Muir and Keith enjoyed serveral other outings together, including the Tuolumne Canyon (with Mrs. Carr and Albert Kellogg, 1873); Yosemite Creek, Lake Tenaya, past Mt. Hoffman, Tuolumne Meadows, Soda Springs, Mts. Dana and Gibbs, and down Bloody Canyon to Mono Lake (with John Swett and J.B. McChesney, 1875), Mt. Shasta (1888), and Muir Woods (1908).

The two Scots had differing opinions on many topics. For example, in Keith's early career, he included great detail in his paintings and worked hard, following John Ruskin's admonition "to copy nature," to recreate the scene with great accuracy. Naturally, Muir approved. In later years, Keith avoided detail and became more impressionistic. Muir chided him to put the detail back in. For his part, Keith kept after Muir to take the detail out of his writing.

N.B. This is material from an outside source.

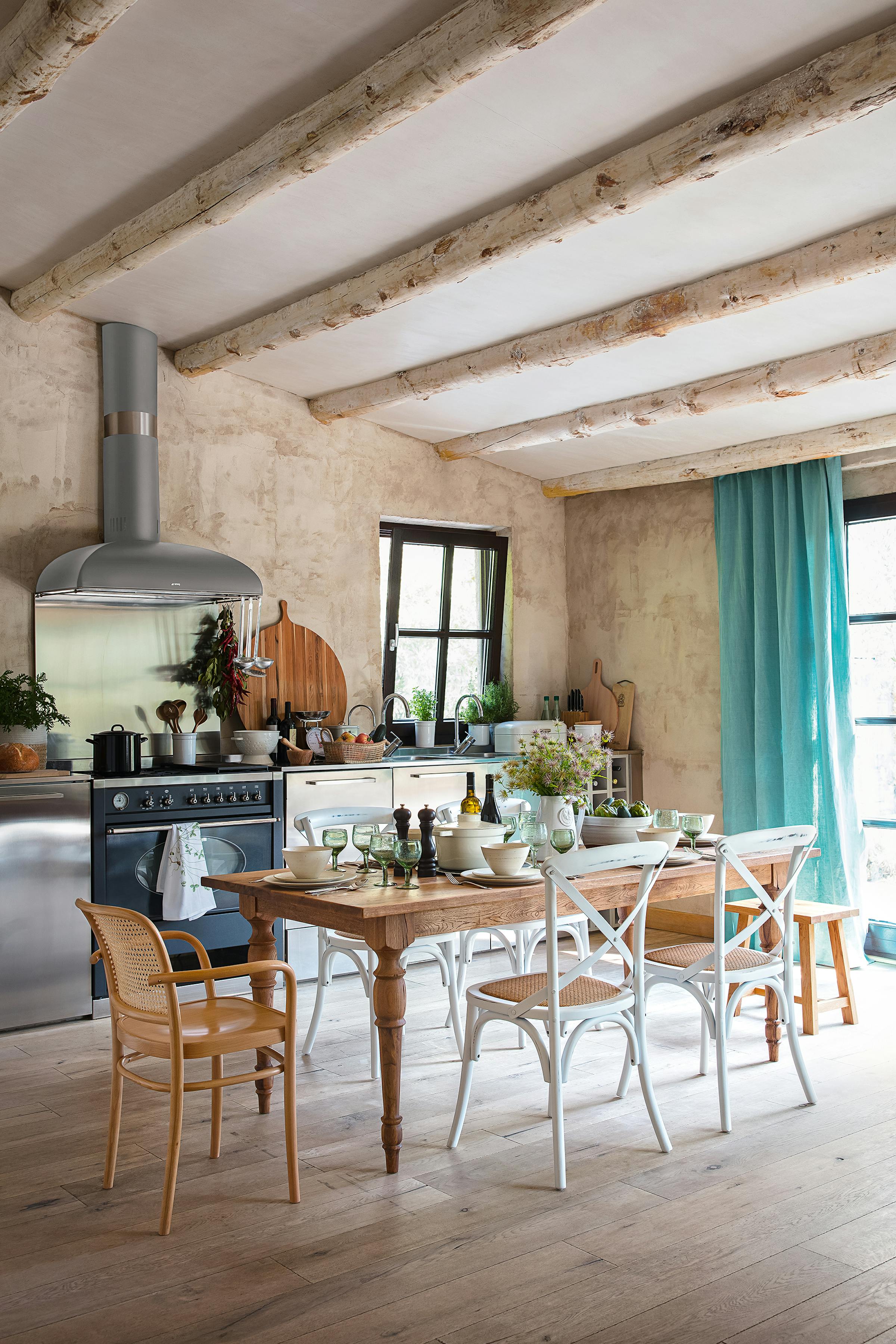 Gedeckter Ess-Tisch in einer spanischen Landhausküche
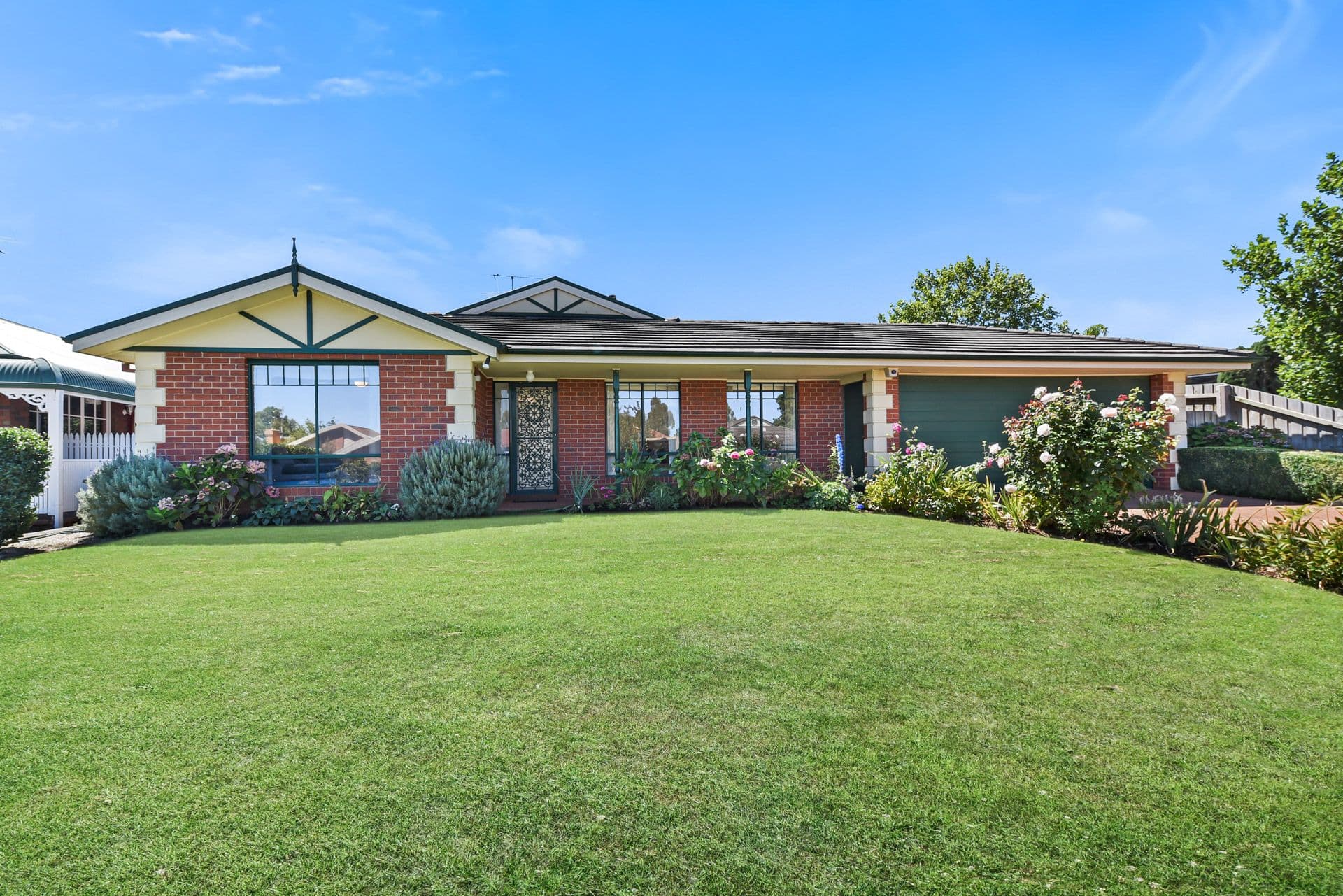 18 Edrington Park Drive, Berwick VIC 3806, Berwick - Thumbnail 2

In 1876 when Muir was highly nervous over his first public lecture in Sacramento, Keith knowing this loaned one of his paintings, The Headwaters of the Merced, telling Muir to take it to the Congregational Church and "Just look at the painting Johnny. You'll think you're back in the mountains. You'll relax and be fine." Muir did take the painting to Sacramento and placed it in the church before the guests arrived. The painting did rescue Muir from a dismal, aploogetic, beginning, and during the lecture, Muir pronounced it "as topographically correct as it is beautiful and artistic."

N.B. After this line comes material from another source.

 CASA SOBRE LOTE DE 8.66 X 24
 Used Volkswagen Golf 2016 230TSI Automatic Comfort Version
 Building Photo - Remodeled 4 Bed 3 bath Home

Several Keith paintings hung in the Muir ranch house, including Yosemite, Tuolumne Meadows, Mt. Shasta, Sierra Scene, Yosemite (on a cigar box lid), Mt. Rainier, a sketch of Wanda, The Berkeley Oaks, and portraits of Dr. Strentzel and Mrs. Strentzel. The Strentzel portraits hang in the County Museum in Martinez. The ranch house has photographic reproductions of several of these, and the originals are in the homes of the descendents. The Hearst Art Gallery at St. Mary's College in Moraga has a collection of 150 Keiths, and a permanent exhibition of a small portion of these can be seen in the Keith room at the Gallery. Keith's Mt. Lyell, painted from sketches done on the 1872 trip to the upper Tuolumne area with John Muir, is in the St. Mary's collection.

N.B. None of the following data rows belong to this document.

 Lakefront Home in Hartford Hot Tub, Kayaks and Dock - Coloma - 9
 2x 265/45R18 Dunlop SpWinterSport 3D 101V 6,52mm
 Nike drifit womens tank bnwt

John Muir Conference at Martinez and Stockton April 18-21

The John Muir Center for Regional Studies at the University of the Pacific, Stockton, in cooperation with the John Muir National Historic Site, will present a special conference, 'John Muir in Historical Perspective.' This is the fourth in a series (previously 1980, 1985 and 1990). Muir scholars from around the world will participate. The conference begins with a reception at JMNHS on Thursday evening, April 18. On Friday the 19th in Martinez, several academic papers will be presented in two sessions: Muir as Teacher, Critic, Ideologue; and Muir's Travels. At lunch, Steve and Patty Pauly will entertain with 'John Muir's Tribute to His Wife, Louie Strentzel Muir,' an exposi of the significant but quiet work Louie did behind the scenes to support John. In the afternoon, Jim Morley will present slides on Muir Woods.

Fifteen speakers and six moderators are on the program for Saturday the 20th at UOP in six sessions: Jed Smith Society Breakfast, Muir and His Friends, Student Session, John Muir and Yosemite, Teaching Muir and the Environment, and a session sponsored by the Association for the Study of Literature and Environment. Millie Stanley, author of 'The Heart of John Muir's World' will speak at the Saturday luncheon. The evening speaker is Richard Fleck, whose topic is North by Northwest with John Muir.

Two Sessions are scheduled for Sunday the 21st at UOP: Muir as Religionist and Literary Critic; and Muir's Influence: Canada and the Pacific Northwest. Luncheon with the Muir family in the UOP Regents Dining Room concludes the conference.

Two JMNHS volunteers have papers accepted for the conference. Mark Foley's topic is In the Lands of the Master: John Muir and the Strentzels, a subject he has researched as a student at Hayward State University. Steve Pauly speaks on The Importance of John Muir's First Public Lecture.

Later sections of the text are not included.